Waiting for Multiple Workflows#
DBOS.wait_first() and DBOS.wait_first_async() enable waiting for any one of multiple workflows to complete. These methods poll the database until at least one workflow's status is no longer PENDING, ENQUEUED, or DELAYED, then return the corresponding handle. This is useful for patterns like racing workflows, implementing timeouts, or processing results as they become available.
Basic Usage#
@DBOS.workflow()
async def coordinator_workflow() -> str:
# Start multiple child workflows
handles = [
await DBOS.start_workflow_async(task_workflow, i)
for i in range(3)
]
# Wait for first to complete
first_completed = await DBOS.wait_first_async(handles)
return await first_completed.get_result()
Processing Tasks as They Complete#
wait_first() can be used in a loop to process workflow results in completion order rather than start order:
@DBOS.workflow()
def process_tasks() -> List[str]:
# Start multiple concurrent tasks
handles = [queue.enqueue(process_task, i) for i in range(5)]

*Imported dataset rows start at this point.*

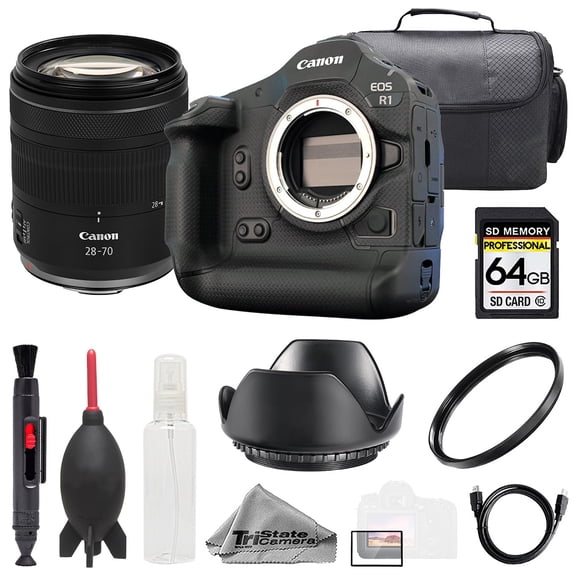 Canon EOS R1 Camera + RF 28-70mm f/2.8 IS STM Lens +64GB + Bag+ UV Filter- Basic Kit (International Version)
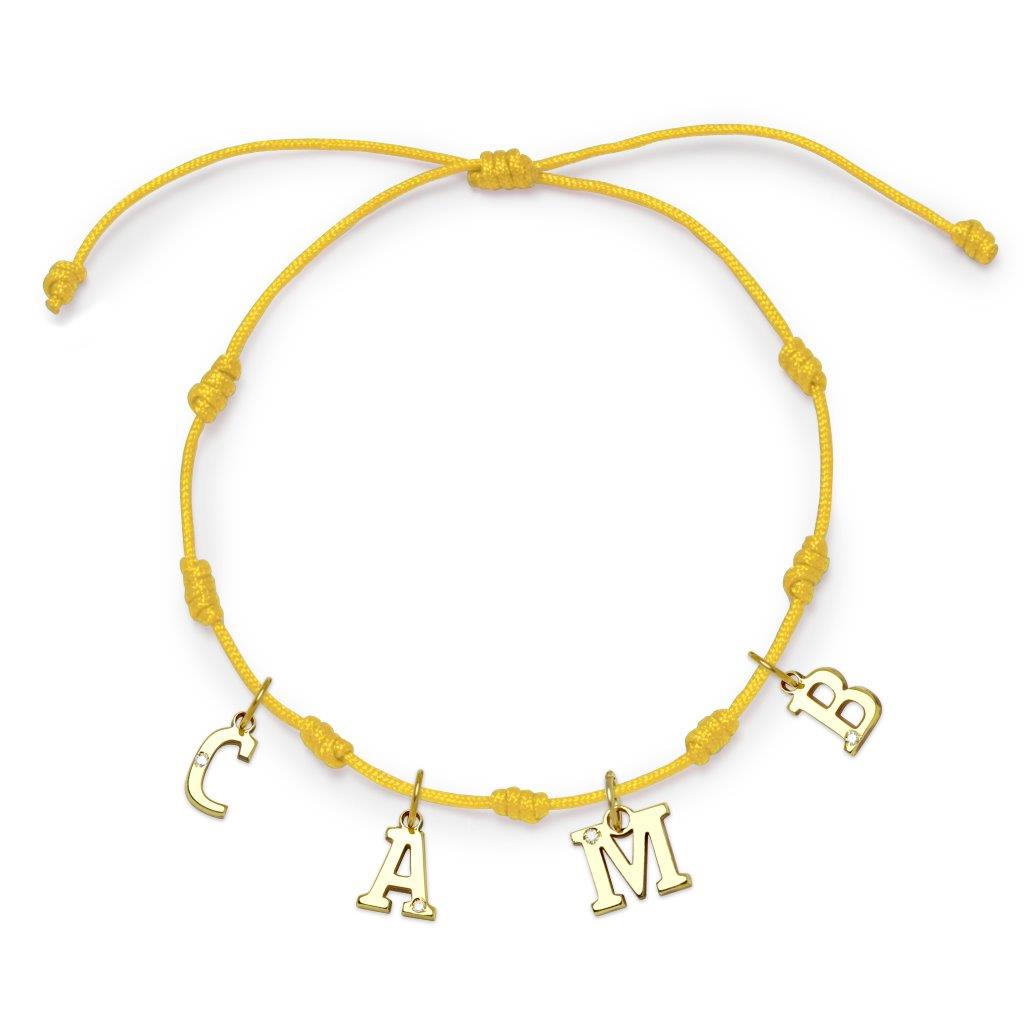 Pulsera 7 nudos 4 Iniciales y Diamante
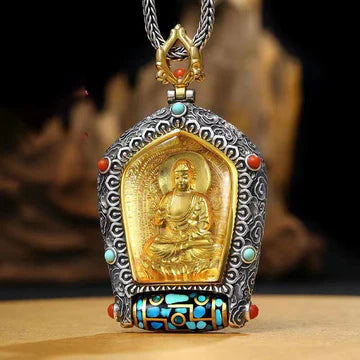 Bodhi Stones Tibet Chinese Zodiac Natal Buddha Thangka Prosperity Rotatable Dzi Bead Necklace Pendant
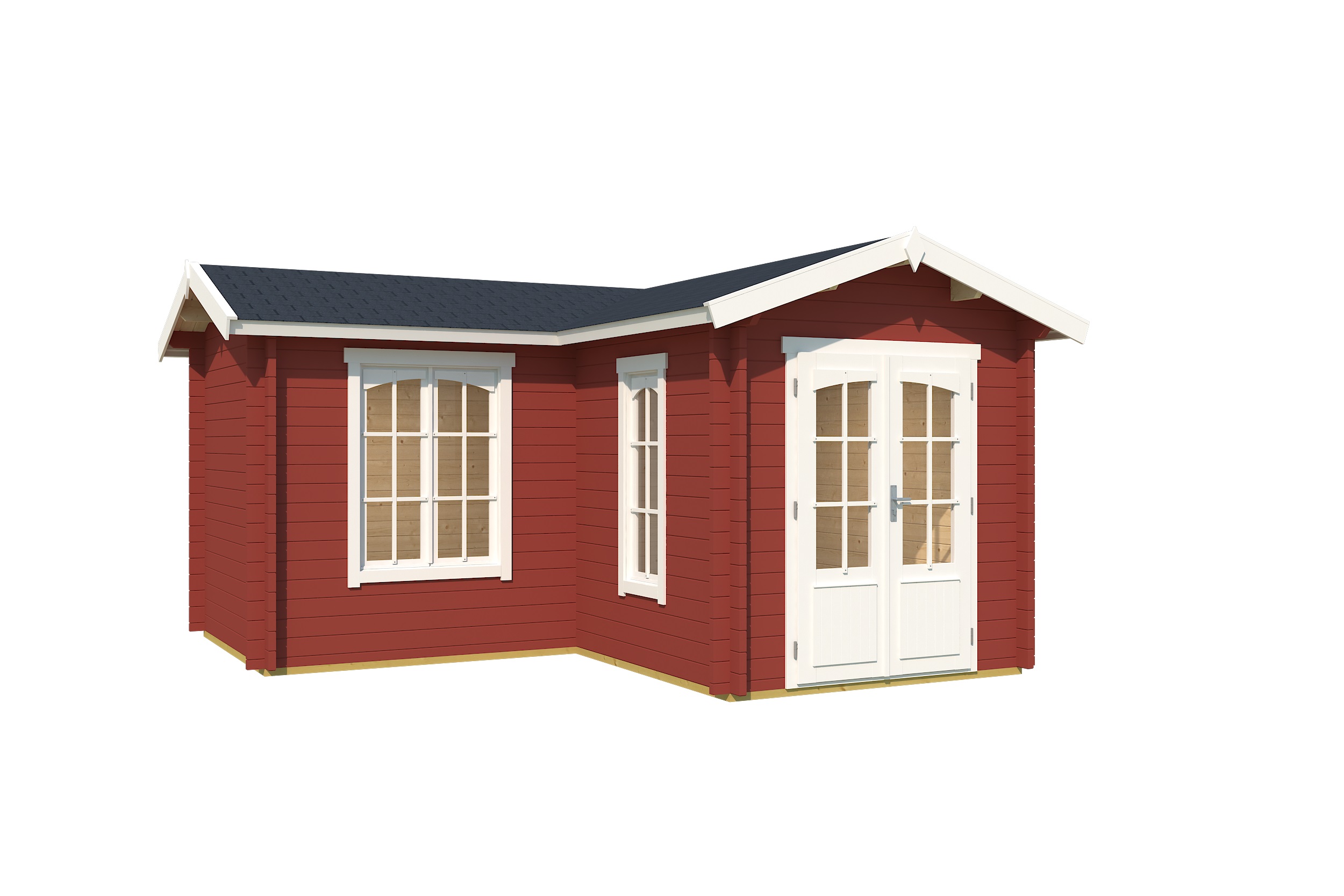 Lasita Maja Portsmouth 44 Gartenhaus Blockhaus 44 mm, 400 x 400, Schwedenrot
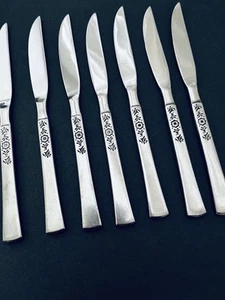 Vintage Edelstahl Set 7 Tafelmesser Ekco Eterna Japan Besteck Cantina  - Bild 1 von 8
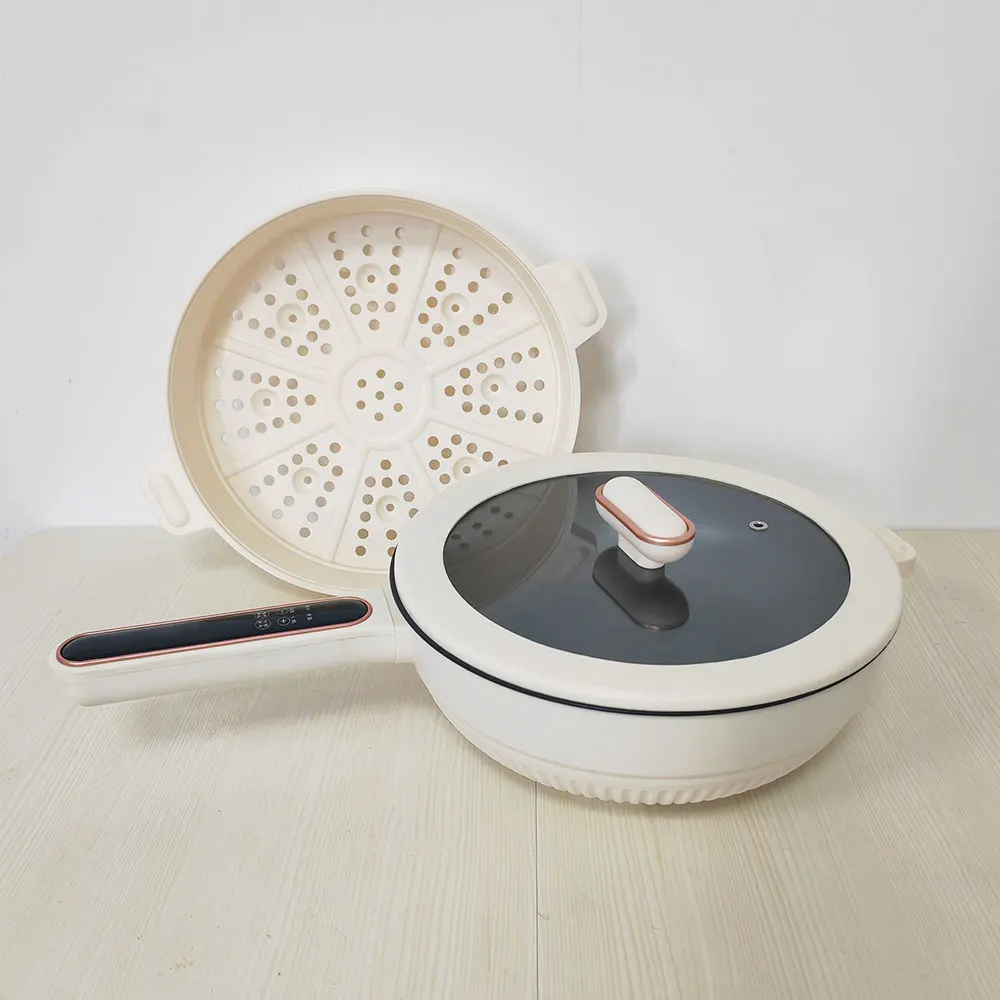 Household Multifunctional Big 6L Non Stick Electric Hot Pot Portable Multipurpose Electric Cooking Pot Frying Pan With Steamer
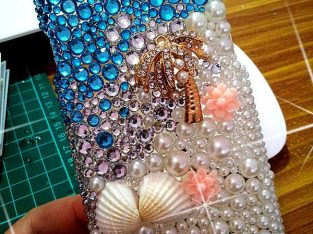 Ocean Blue Handmade Bling Crystal Diamonds Rhinestone & Pearl Soft Phone Back Case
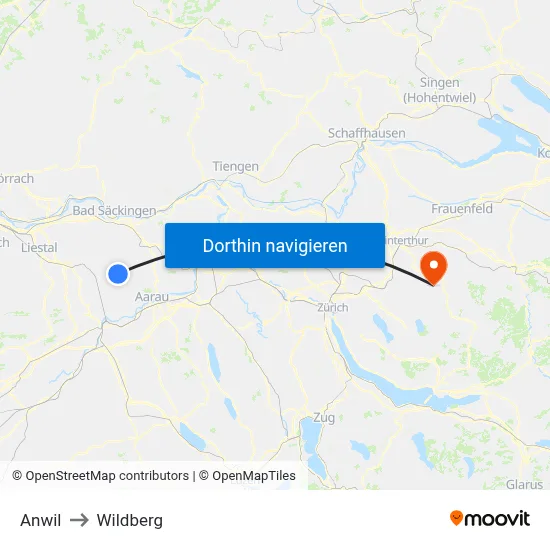 Anwil to Wildberg map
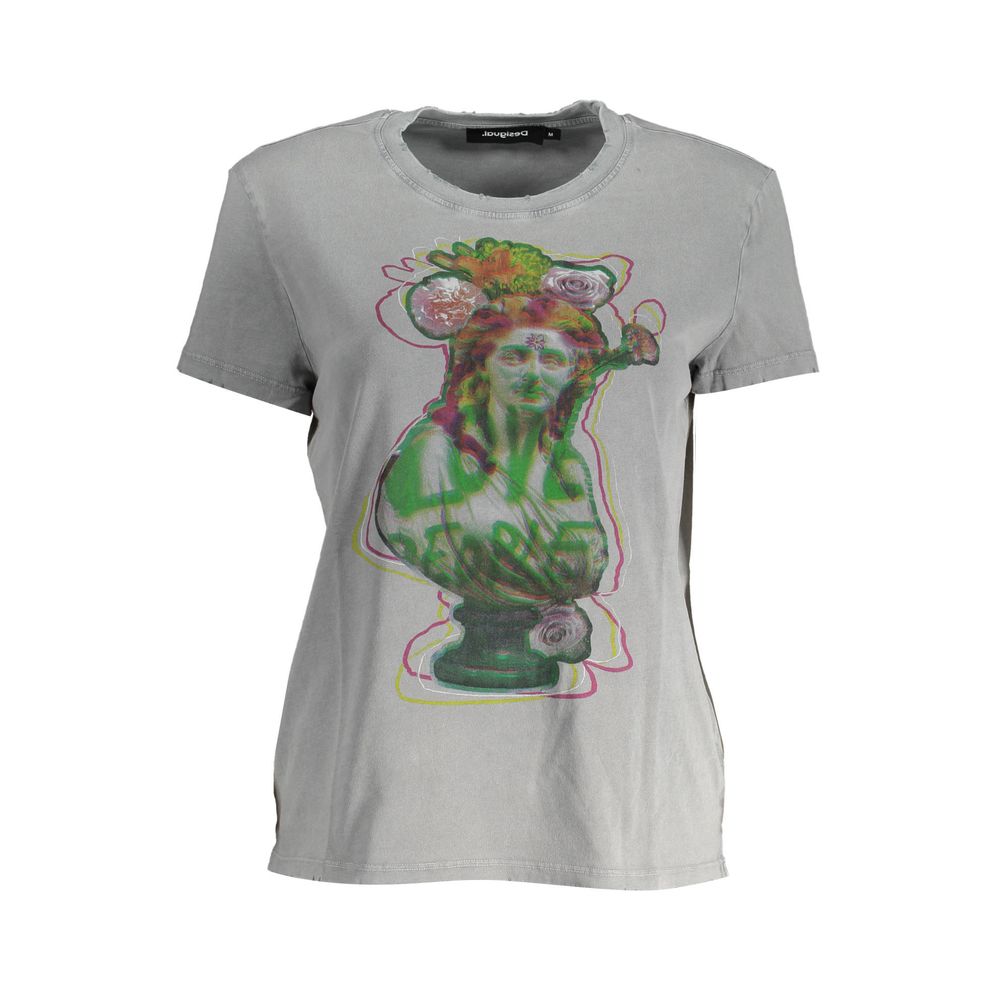 Desigual Gray Cotton Women T-Shirt - ClickThatClicks 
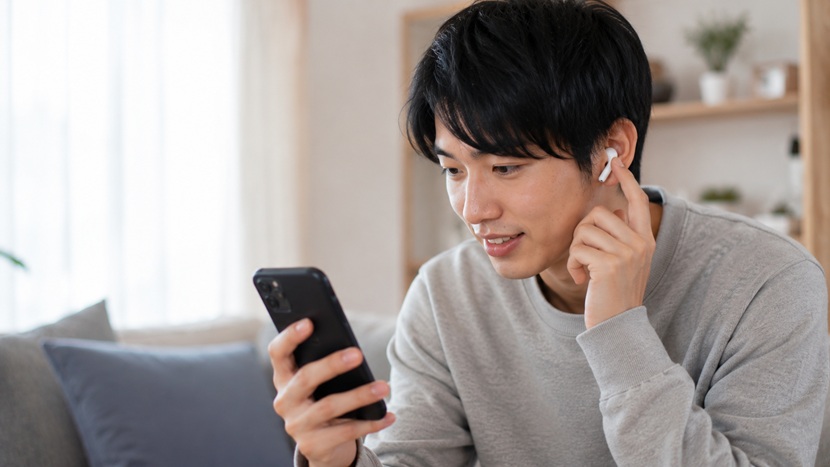 スマートフォンの音声で関西弁のイントネーションを確認する様子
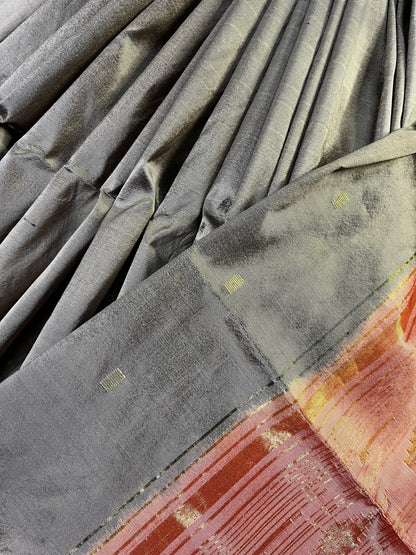 LIGHT GREY SILK PURE HANDLOOM PAITHANI SAREE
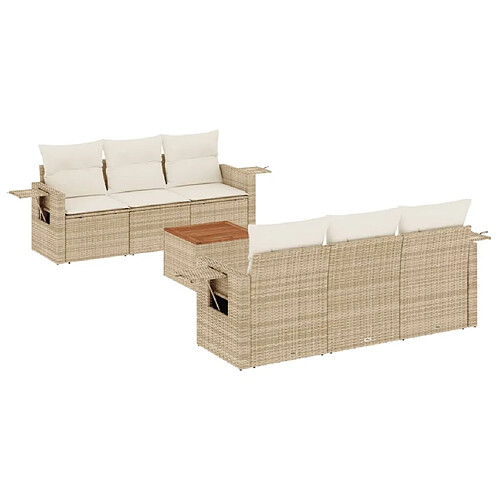 Maison Chic Salon de jardin avec coussins 7 pcs, Ensemble Tables et chaises de jardin, beige résine tressée -GKD499303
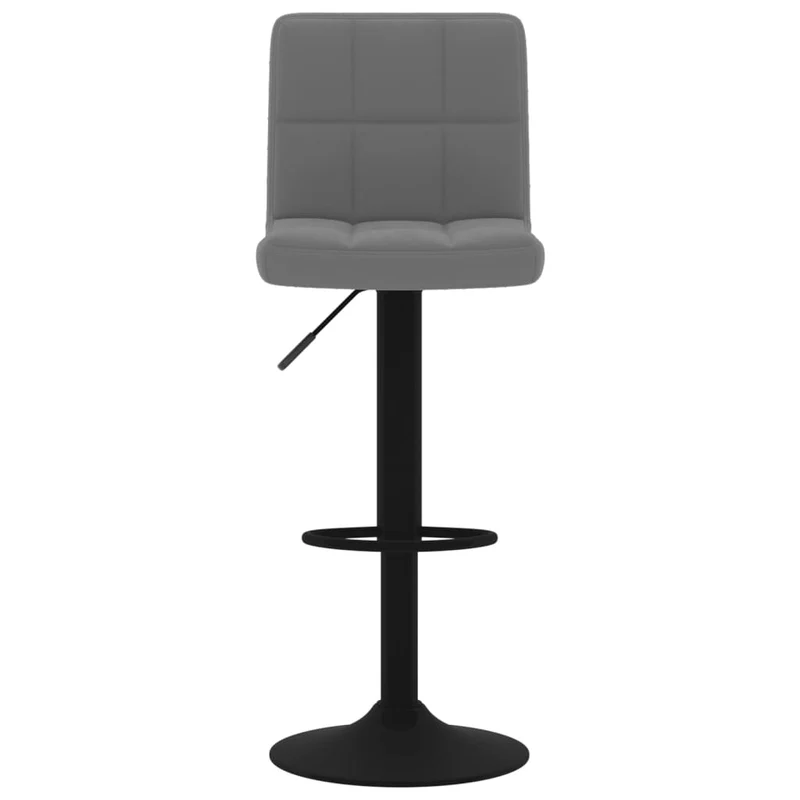 Lot de 2 tabourets de bar chaises hautes coutures carrées en velours gris foncé et acier noir DEC029717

# Process results as tasks complete (not in start order)
results = []
remaining = list(handles)
while remaining:
completed = DBOS.wait_first(remaining)
results.append(completed.get_result())
remaining = [h for h in remaining if h.workflow_id != completed.workflow_id]
return results
Parameters and Error Handling#
Both methods accept the following parameters:
handles: List of workflow handles to wait on. Must not be empty and must not contain duplicate workflow IDs.polling_interval_sec: Optional polling interval for checking workflow completion status (defaults toDEFAULT_POLLING_INTERVAL).
Error Handling:
- Raises
ValueErrorif the handles list is empty - Raises
ValueErrorif the handles list contains duplicate workflow IDs
Transactions and Async Limitations#
Transaction Limitation#
Transactions explicitly do not support async functions. The code raises a DBOSException when a coroutine function is decorated with @DBOS.transaction():
if inspect.iscoroutinefunction(func):
raise DBOSException(
f"Function {transaction_name} is a coroutine function, but DBOS.transaction does not support coroutine functions"
)
Technical Reasons:
- DBOS transactions use SQLAlchemy's synchronous session API, which requires blocking I/O operations
- Transactions must set isolation levels and manage connection state synchronously
- Complex retry logic for serialization failures would be more difficult to manage across async boundaries
Calling Transactions from Async Contexts#
When calling synchronous transactions from async contexts (such as async workflows), you should use asyncio.to_thread() to avoid blocking the event loop. If a transaction is called directly while an event loop is running, DBOS will log a warning to help identify this pattern:
@DBOS.transaction()
def my_db_transaction() -> str:
rows = DBOS.sql_session.execute(sa.text("SELECT 1")).fetchall()
return str(rows[0][0])
@DBOS.workflow()
async def async_workflow() -> str:
# Recommended: Use asyncio.to_thread() to avoid blocking the event loop
result = await asyncio.to_thread(my_db_transaction)
return result
Warning Behavior:
If you call a transaction directly from an async context without using asyncio.to_thread(), DBOS will log a warning message:
Transaction {transaction_name} was called while an event loop is running. Invoke transactions from an async context using asyncio.to_thread to avoid blocking the event loop.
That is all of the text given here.